Reproduce the records below exactly, leaving out any pictures.
■ ■ ■ ■ ■
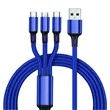 3in1 Nylon Braided Universal USB Cable | https://www.bestnamebadges.com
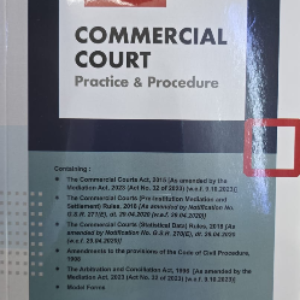 Commercial Court : Practice and Procedure by Pandey – Edition 2026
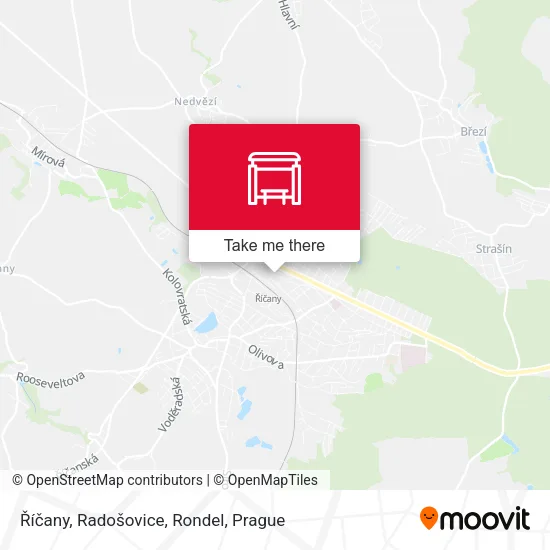 Карта Říčany, Radošovice, Rondel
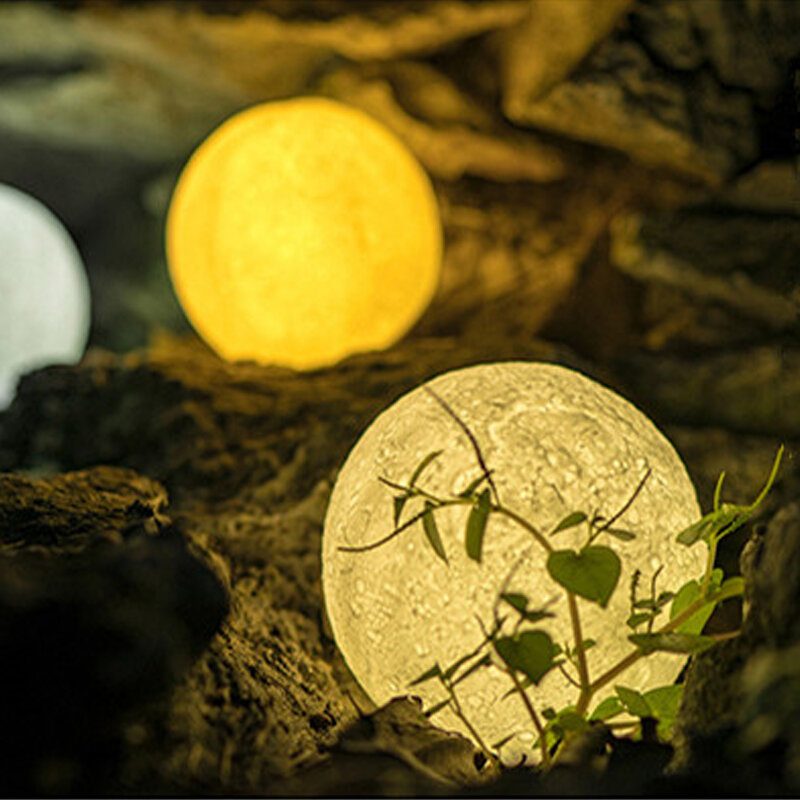 3d Pvc Moon Light Diaľkové Stmievanie Led Malé Usb Nabíjacie Nočné Arome Svetlo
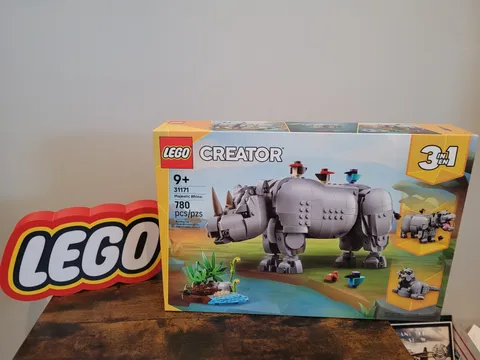 LEGO #31171 MAJESTIC RHINO FREE SHIP LOWER 48 STATES NEW SEALED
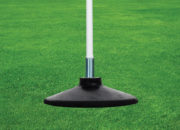 Corner flags with rubber base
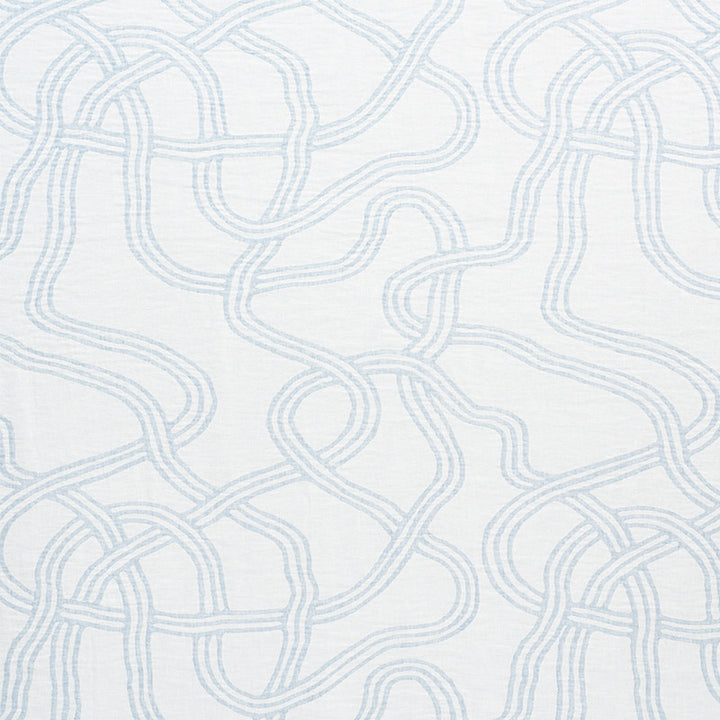 Seabury Light Blue 75290 by Schumacher Designer Fabric CHAMBRAY See Sample SPAIN - </p><p>Repeat: Horizontal: 30" (76CM) and Vertical: 30 3/4" (78CM) 118" (300CM) - Swanky Fabrics -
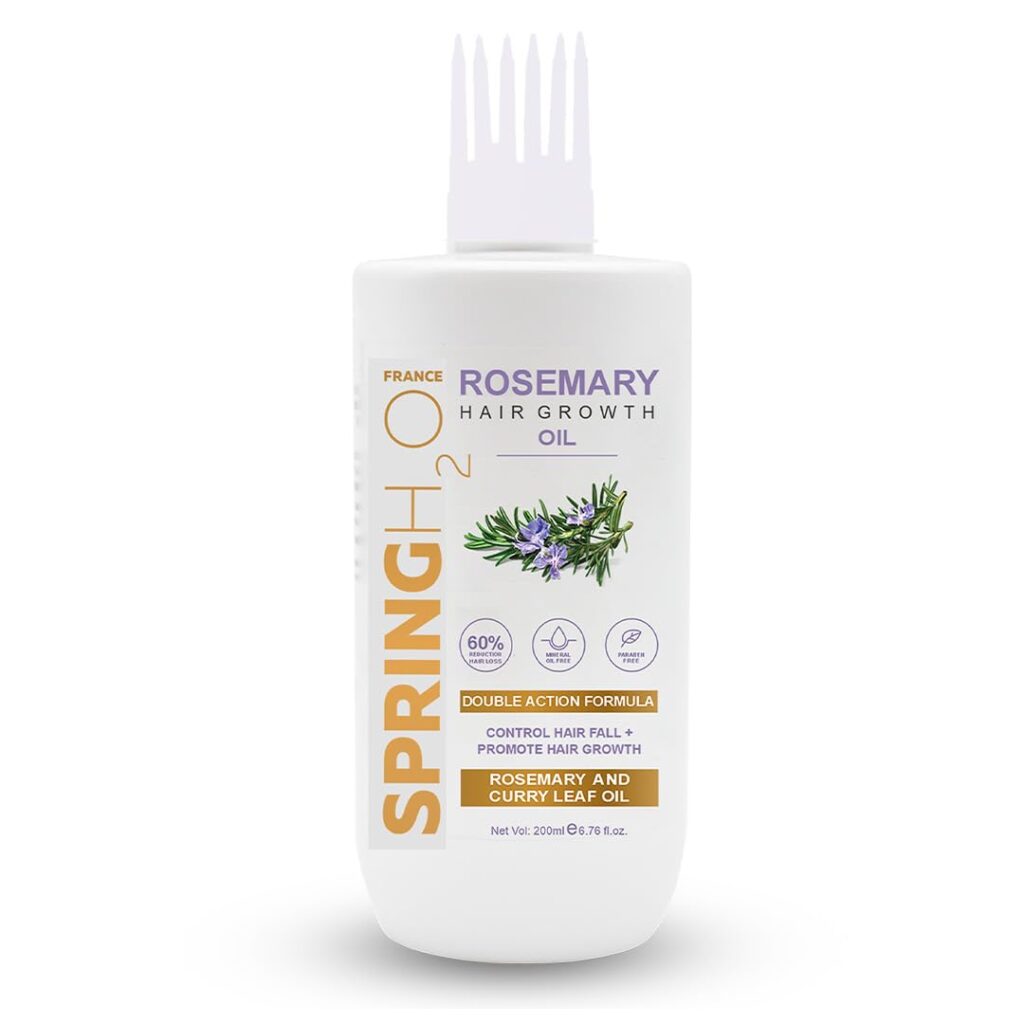 SPRING H2O Rosemary Hair Oil – Promotes Thicker Hair | Nourishes, Strengthens Roots | 100% Natural Rosemary Oils Hair Fall Control – 200ml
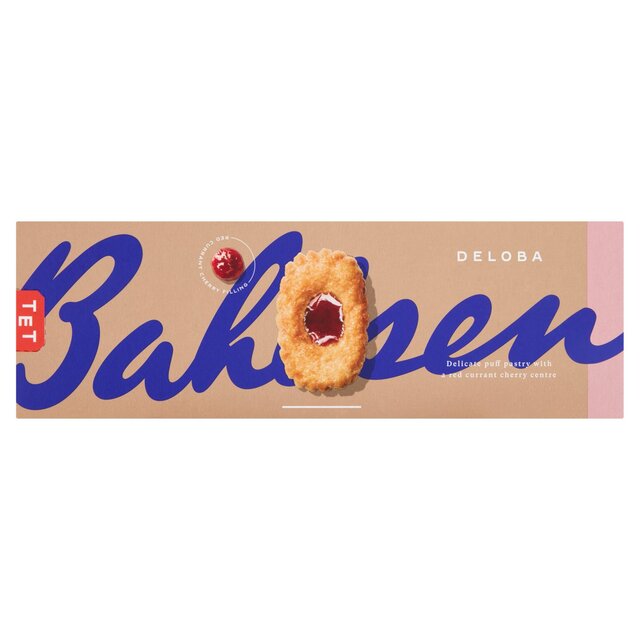 Bahlsen Deloba Red Currant Cherry Filling Puff Pastries 100g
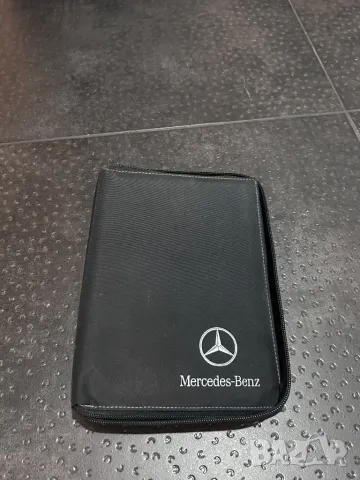 W203 ( 2000 - 2007 ) Калъф с документи , книжки , ръководство за експлоатация, снимка 2 - Аксесоари и консумативи - 48592080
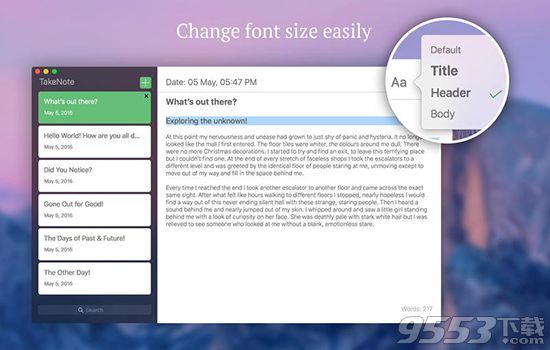 TakeNote Mac版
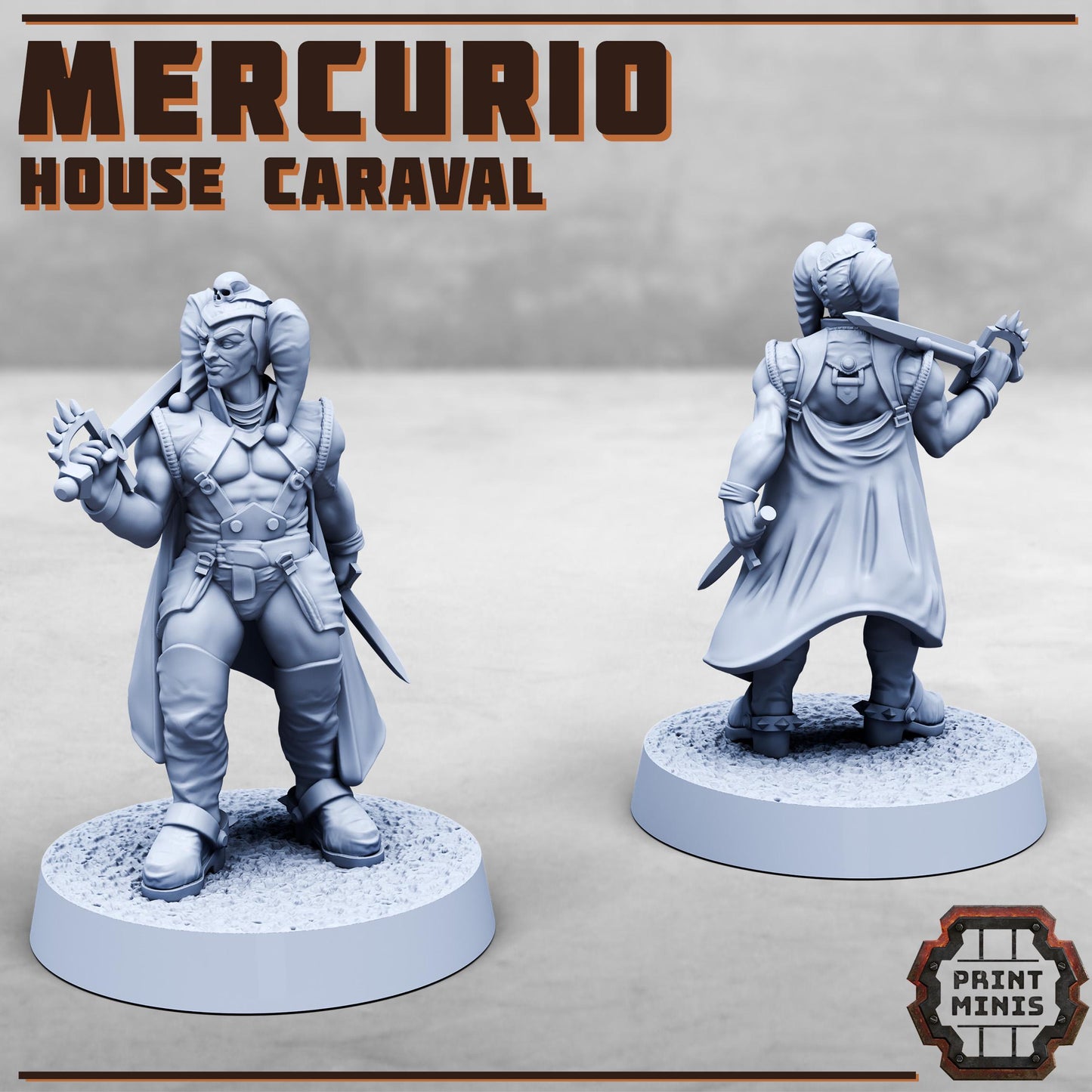 Mercurio, House Caraval - Print Minis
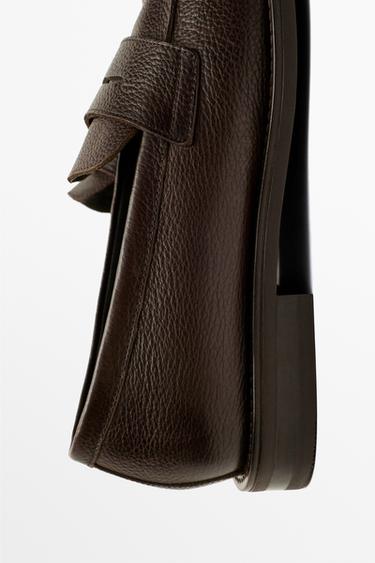 Soft leather loafer — BROWN 6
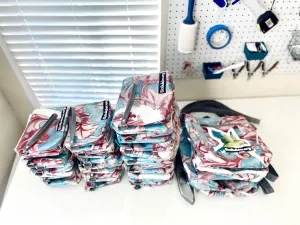 Wristlet in Recycled Tarp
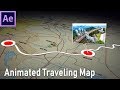 How to make animated travel map in After Effects - 93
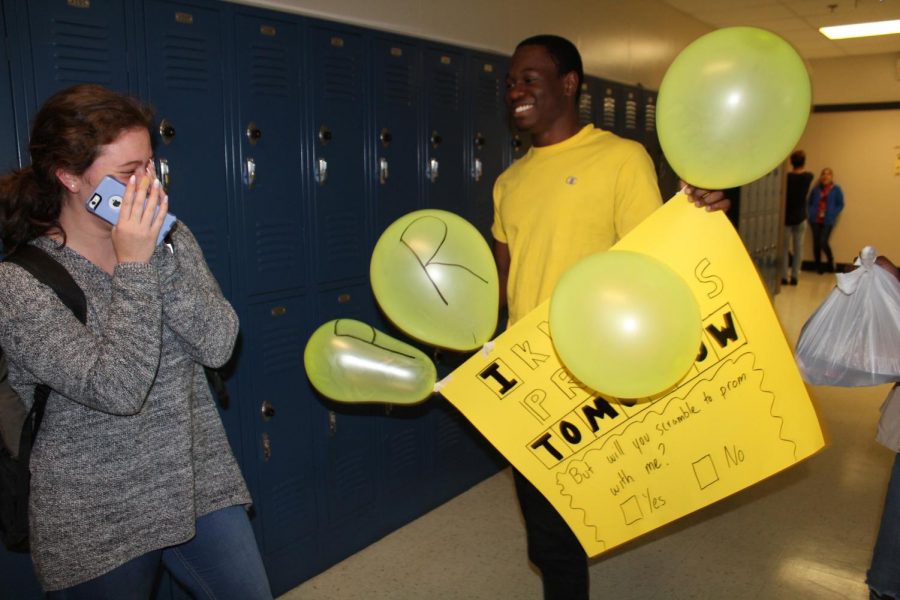Tomorrow NC’s prom commences and the buzz around the school remains palpable! The entire schools seems on edge as late promposals and last minute reservations make there way to unexpecting victims. Before 3rd period, senior Christophe César asked Gabby Gonzalez to attend  the anticipated date for tomorrow. As seen with other promposals, a small crowd formed and the “awhs” from the crowd sounded and there nothing but smiles appeared on onlookers faces. NC’s prom themed the Enchanted Forest starts at 6 pm at Opera Nightclub in Atlanta.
■ ■ ■ ■ ■
→ **EXERCISE OUTPUT**:
 3in1 Nylon Braided Universal USB Cable | https://www.bestnamebadges.com
 Commercial Court : Practice and Procedure by Pandey – Edition 2026
 Карта Říčany, Radošovice, Rondel
 3d Pvc Moon Light Diaľkové Stmievanie Led Malé Usb Nabíjacie Nočné Arome Svetlo
 LEGO #31171 MAJESTIC RHINO FREE SHIP LOWER 48 STATES NEW SEALED
 Corner flags with rubber base
 Seabury Light Blue 75290 by Schumacher Designer Fabric CHAMBRAY See Sample SPAIN - </p><p>Repeat: Horizontal: 30" (76CM) and Vertical: 30 3/4" (78CM) 118" (300CM) - Swanky Fabrics -
 SPRING H2O Rosemary Hair Oil – Promotes Thicker Hair | Nourishes, Strengthens Roots | 100% Natural Rosemary Oils Hair Fall Control – 200ml
 Bahlsen Deloba Red Currant Cherry Filling Puff Pastries 100g
 W203 ( 2000 - 2007 ) Калъф с документи , книжки , ръководство за експлоатация, снимка 2 - Аксесоари и консумативи - 48592080
 TakeNote Mac版
 Mercurio, House Caraval - Print Minis
 Soft leather loafer — BROWN 6
 Wristlet in Recycled Tarp
 How to make animated travel map in After Effects - 93
Tomorrow NC’s prom commences and the buzz around the school remains palpable! The entire schools seems on edge as late promposals and last minute reservations make there way to unexpecting victims. Before 3rd period, senior Christophe César asked Gabby Gonzalez to attend  the anticipated date for tomorrow. As seen with other promposals, a small crowd formed and the “awhs” from the crowd sounded and there nothing but smiles appeared on onlookers faces. NC’s prom themed the Enchanted Forest starts at 6 pm at Opera Nightclub in Atlanta.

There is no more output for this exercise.